Thanks to Trevor Blackwell, Robert Morris, Dan Giffin, and Lisa Randall for reading drafts of this, and to Henry Leitner and Larry Finkelstein for inviting me to speak.
Filters that Fight Back
We may be able to improve the accuracy of Bayesian spam filters by having them follow links to see what's waiting at the other end. Richard Jowsey of death2spam now does this in borderline cases, and reports that it works well.
Why only do it in borderline cases? And why only do it once?
As I mentioned in Will Filters Kill Spam?, following all the urls in a spam would have an amusing side-effect. If popular email clients did this in order to filter spam, the spammer's servers would take a serious pounding. The more I think about this, the better an idea it seems. This isn't just amusing; it would be hard to imagine a more perfectly targeted counterattack on spammers.
So I'd like to suggest an additional feature to those working on spam filters: a "punish" mode which, if turned on, would spider every url in a suspected spam n times, where n could be set by the user. [1]
As many people have noted, one of the problems with the current email system is that it's too passive. It does whatever you tell it. So far all the suggestions for fixing the problem seem to involve new protocols. This one wouldn't.

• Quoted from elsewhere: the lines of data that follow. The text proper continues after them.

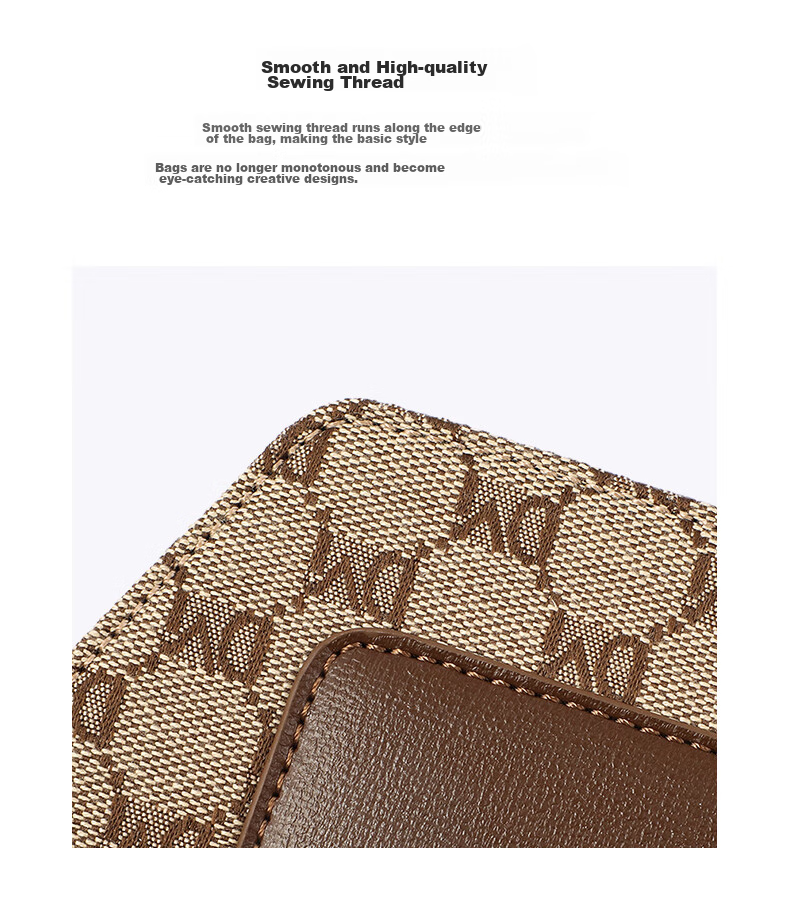 Aiqinghai Handbag, Women's Bag, Phone Pouch, Crossbody Shoulder Phone Bag, Stylish Versatile Birthday Mother's Day Gift, Practical Present for Mom 11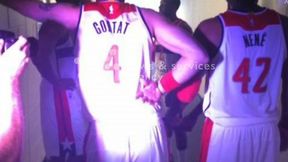 Powrót "Króla", kontrakt marzenie Gortata, Bryant pobił Jordana. Rok 2014 w NBA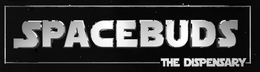 SPACEBUDS THE DISPENSARY trademark
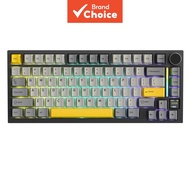 Attack Shark X820 Ultra 75% Mechanical Keyboard Sealed Structure RGB Tri-Mode Attack Shark X820 Ultr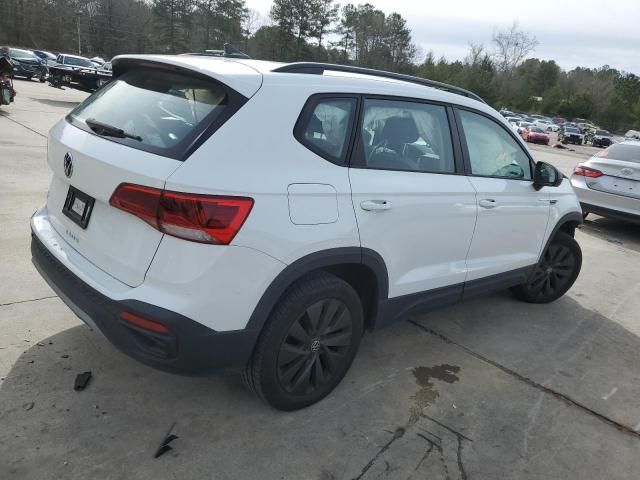 2022 Volkswagen Taos S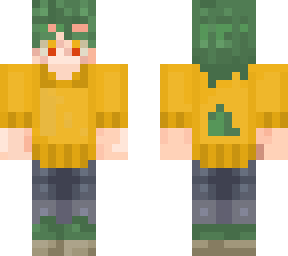 green saytr
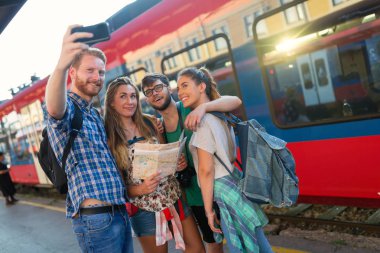 gezi turist grup 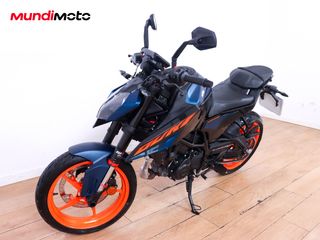 KTM 125 DUKE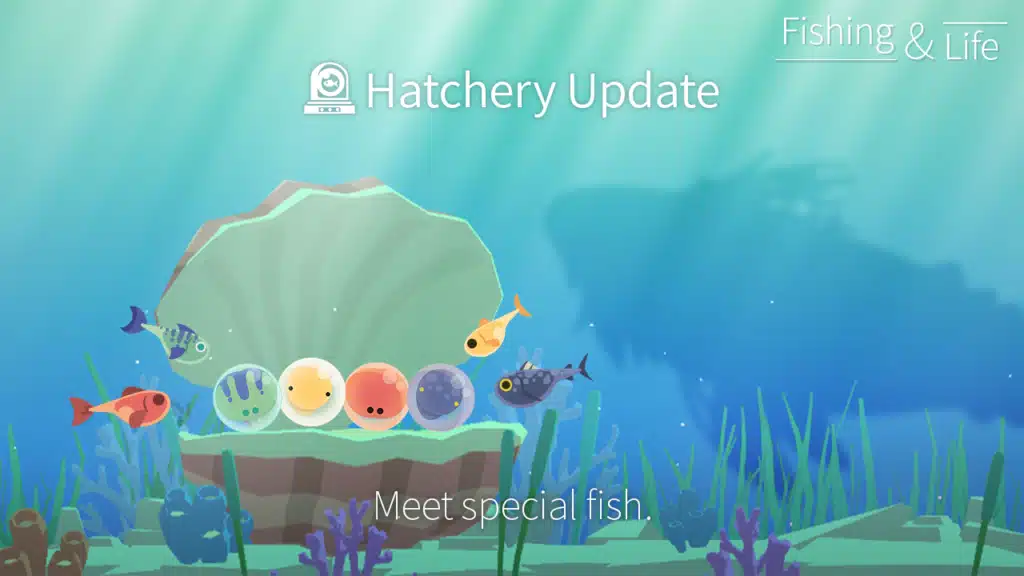 تحميل لعبة fishing life mod | لصيد السمك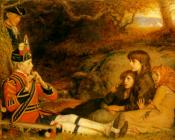 约翰 埃弗里特 米莱斯 : the piper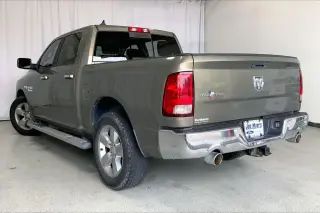 Ram 1500 2014 4x2 Big Horn 4dr Crew Cab 5.5 ft. SB Pickup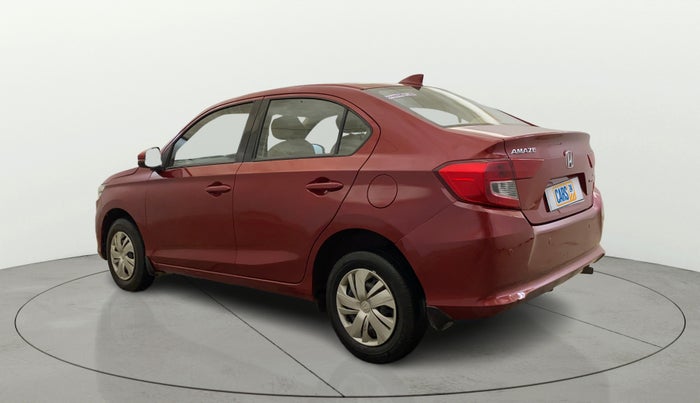 2019 Honda Amaze 1.2L I-VTEC S, Petrol, Manual, 40,862 km, Left Back Diagonal
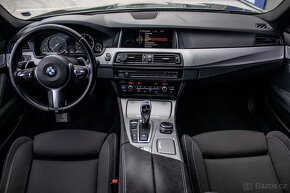 BMW Rad 5 Touring 530d xDrive - 11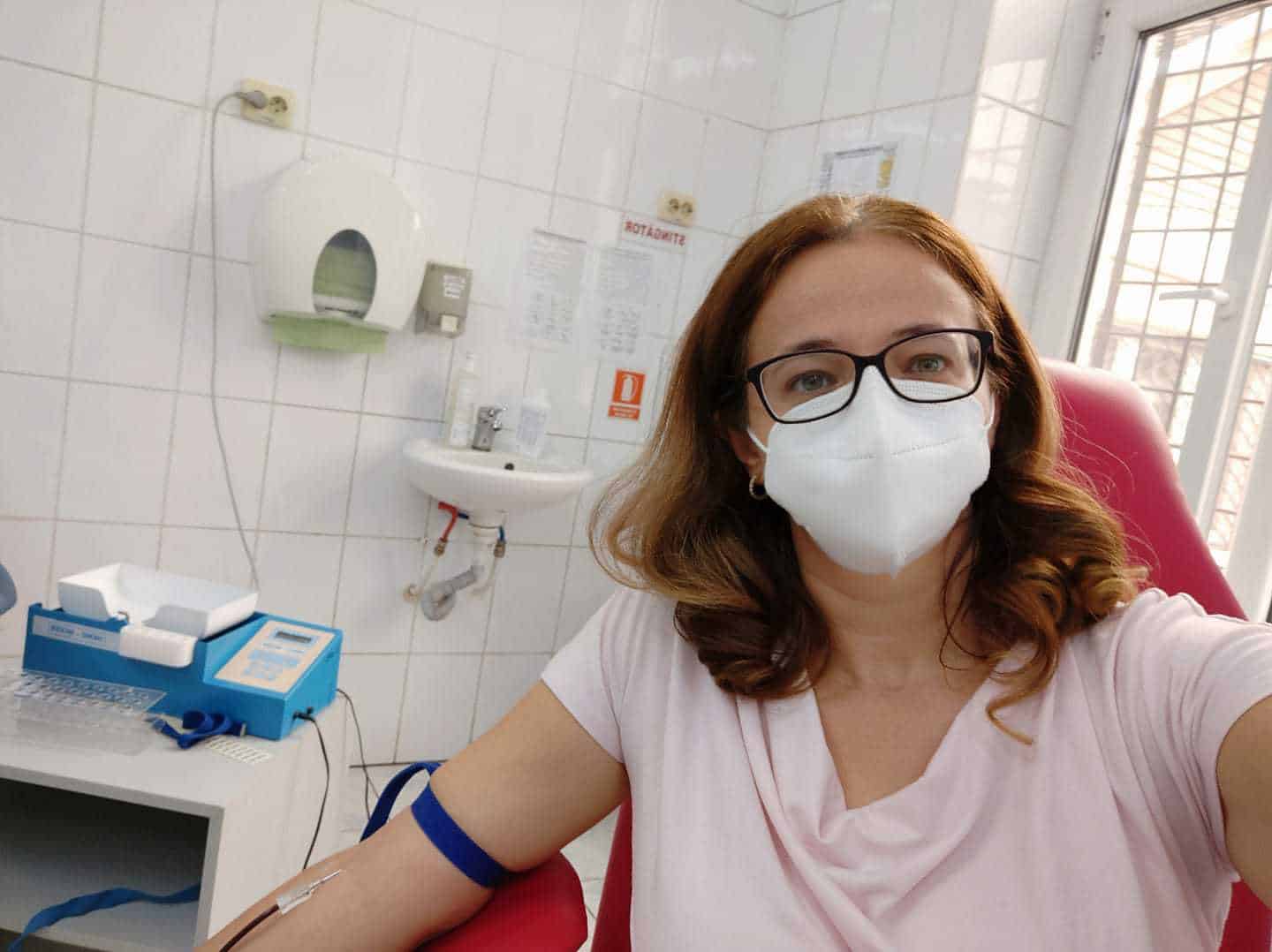 Sibienii vor să știe dacă sunt alergici la vaccin - ’’Aproape 100 de persoane s-au testat. Majoritatea nu erau’’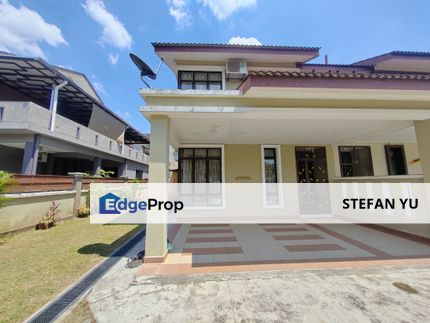 Jalan Seri Austin 6 Taman Seri Austin ( East Zone ) / Cluster House / Good Condition , Johor, Johor Bahru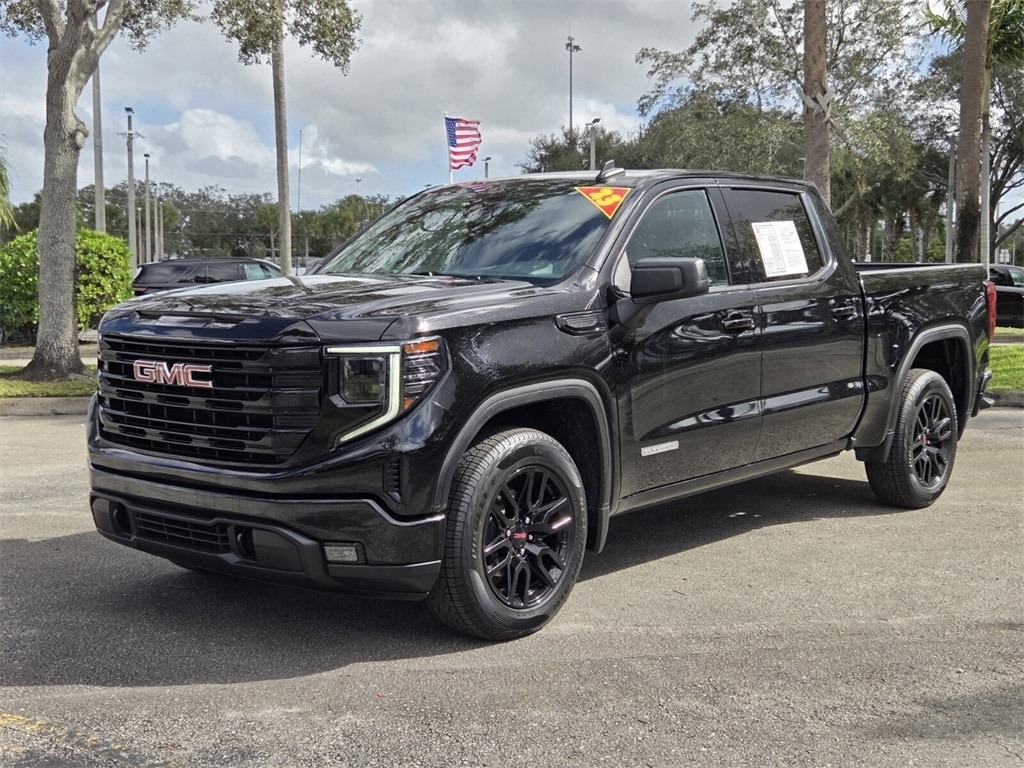 2023 GMC Sierra 1500 Elevation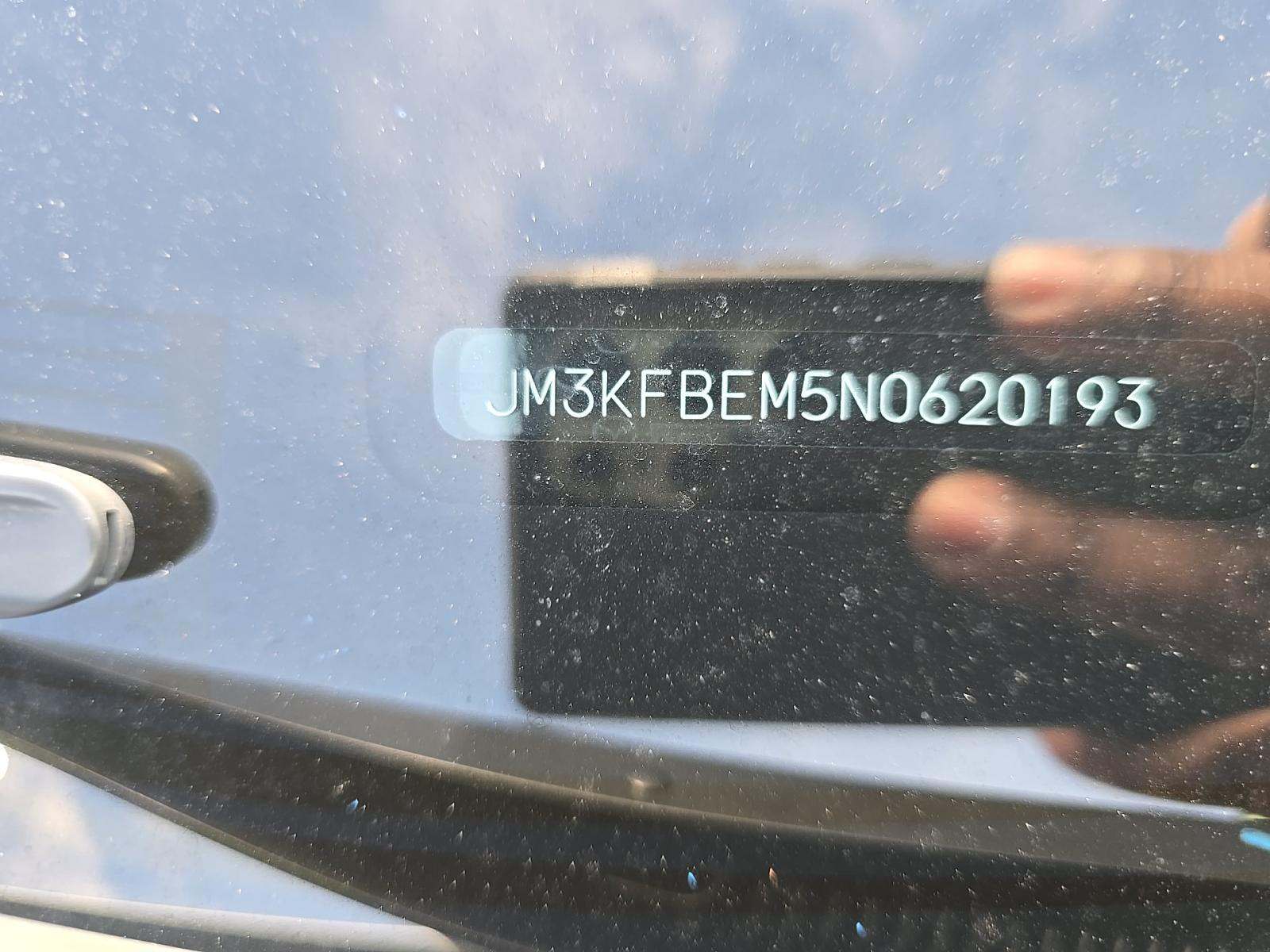 2022 MAZDA CX-5 2.5 S Premium Plus Package AWD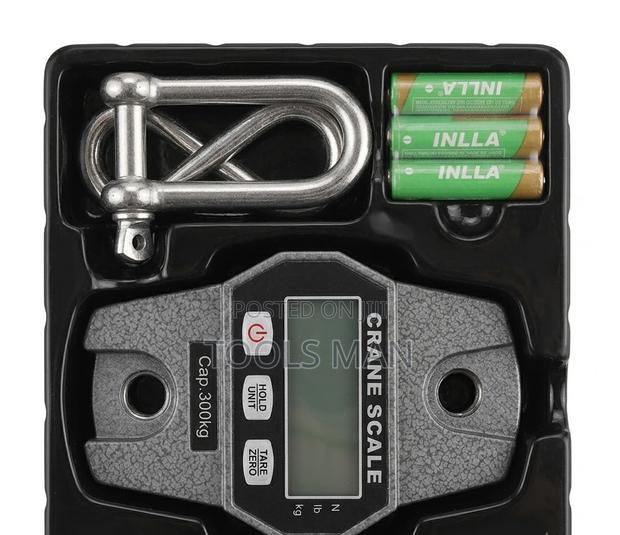 300kg Mini Crane Scale Digital Hanging Weight Balance OCS-L - thumbnail 3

If widely used, auto-retrieving spam filters would make the email system rebound. The huge volume of the spam, which has so far worked in the spammer's favor, would now work against him, like a branch snapping back in his face. Auto-retrieving spam filters would drive the spammer's costs up, and his sales down: his bandwidth usage would go through the roof, and his servers would grind to a halt under the load, which would make them unavailable to the people who would have responded to the spam.
Pump out a million emails an hour, get a million hits an hour on your servers.
We would want to ensure that this is only done to suspected spams. As a rule, any url sent to millions of people is likely to be a spam url, so submitting every http request in every email would work fine nearly all the time. But there are a few cases where this isn't true: the urls at the bottom of mails sent from free email services like Yahoo Mail and Hotmail, for example.
To protect such sites, and to prevent abuse, auto-retrieval should be combined with blacklists of spamvertised sites. Only sites on a blacklist would get crawled, and sites would be blacklisted only after being inspected by humans. The lifetime of a spam must be several hours at least, so it should be easy to update such a list in time to interfere with a spam promoting a new site. [2]
High-volume auto-retrieval would only be practical for users on high-bandwidth connections, but there are enough of those to cause spammers serious trouble. Indeed, this solution neatly mirrors the problem. The problem with spam is that in order to reach a few gullible people the spammer sends mail to everyone. The non-gullible recipients are merely collateral damage. But the non-gullible majority won't stop getting spam until they can stop (or threaten to stop) the gullible from responding to it. Auto-retrieving spam filters offer them a way to do this.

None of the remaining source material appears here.